Barbara Furlow-Smiles pleaded guilty in December to stealing more than $5 million from the two massive companies, though the vast majority was taken during her time working for Facebook from 2017 to 2021. She used the stolen cash to fund a “luxury lifestyle,” prosecutors said.
“I blew it big time,” Furlow-Smiles admitted in a letter to the judge in her case.
Furlow-Smiles said she had a lifetime commitment to being a voice for disenfranchised people, but acknowledged that her actions “added fuel to the fire of disengagement and attack of DEI efforts.”
Exploiting her access to company credit cards at Facebook, which is now called Meta, Furlow-Smiles would pay people for services they did not do for the company, then have those people kick back the money to her.

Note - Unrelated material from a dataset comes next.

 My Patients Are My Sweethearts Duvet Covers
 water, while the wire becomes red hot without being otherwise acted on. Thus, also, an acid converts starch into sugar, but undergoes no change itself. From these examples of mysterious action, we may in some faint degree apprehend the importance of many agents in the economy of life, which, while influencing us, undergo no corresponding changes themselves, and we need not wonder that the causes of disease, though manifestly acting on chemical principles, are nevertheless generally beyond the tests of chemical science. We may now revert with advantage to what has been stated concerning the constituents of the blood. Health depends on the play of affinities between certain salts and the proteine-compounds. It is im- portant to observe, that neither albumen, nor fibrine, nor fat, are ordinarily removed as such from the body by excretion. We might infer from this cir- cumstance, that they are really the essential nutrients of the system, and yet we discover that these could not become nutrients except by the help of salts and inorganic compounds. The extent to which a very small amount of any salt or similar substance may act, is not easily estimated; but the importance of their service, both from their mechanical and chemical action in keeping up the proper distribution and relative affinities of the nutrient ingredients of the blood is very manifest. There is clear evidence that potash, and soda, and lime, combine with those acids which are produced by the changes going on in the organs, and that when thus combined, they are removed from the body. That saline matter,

She brought dozens of people into her scheme, prosecutors said, including “relatives, former interns from a prior job, nannies, a hair stylist, and her university tutor.”
Sometimes, Furlow-Smiles had Facebook directly pay third parties for personal goods or services, including $10,000 for specialty portraits and $18,000 for her child’s preschool tuition. She would then submit false reports about the work the people had done for the company.
She stole about $4.9 million from Facebook as part of the scheme, prosecutors said.
After Furlow-Smiles was terminated from Facebook, she continued a similar scheme at Nike, where she worked from 2021 to 2023. At Nike, Furlow-Smiles stole more than $100,000.
Furlow-Smiles’ attorney, Phillip Hamilton, had asked the court not to put her behind bars.
In a sentencing memorandum, Hamilton argued that his client got caught up in Facebook’s “move fast and break things” culture and that she was far from the only person who exploited the company’s expenses for their own benefits.
“Barbara … quickly learned that coworkers were friends with vendors and relied on these vendors to do certain things, which included providing kickbacks for referring Facebook business to them. It was the norm,” Hamilton alleged in the memorandum.
The number of Diversity, Equity and Inclusion positions like the ones held by Furlow-Smiles skyrocketed in 2020 after the murder of George Floyd, when many companies were forced to reckon with racial hiring disparities or issues within the workplace.
But by the time Furlow-Smiles was arrested in December, the positions were falling out of favor. DEI initiatives became a frequent target of Republican politicians, and when layoffs hit the tech sector, the positions were often among those that were first slashed.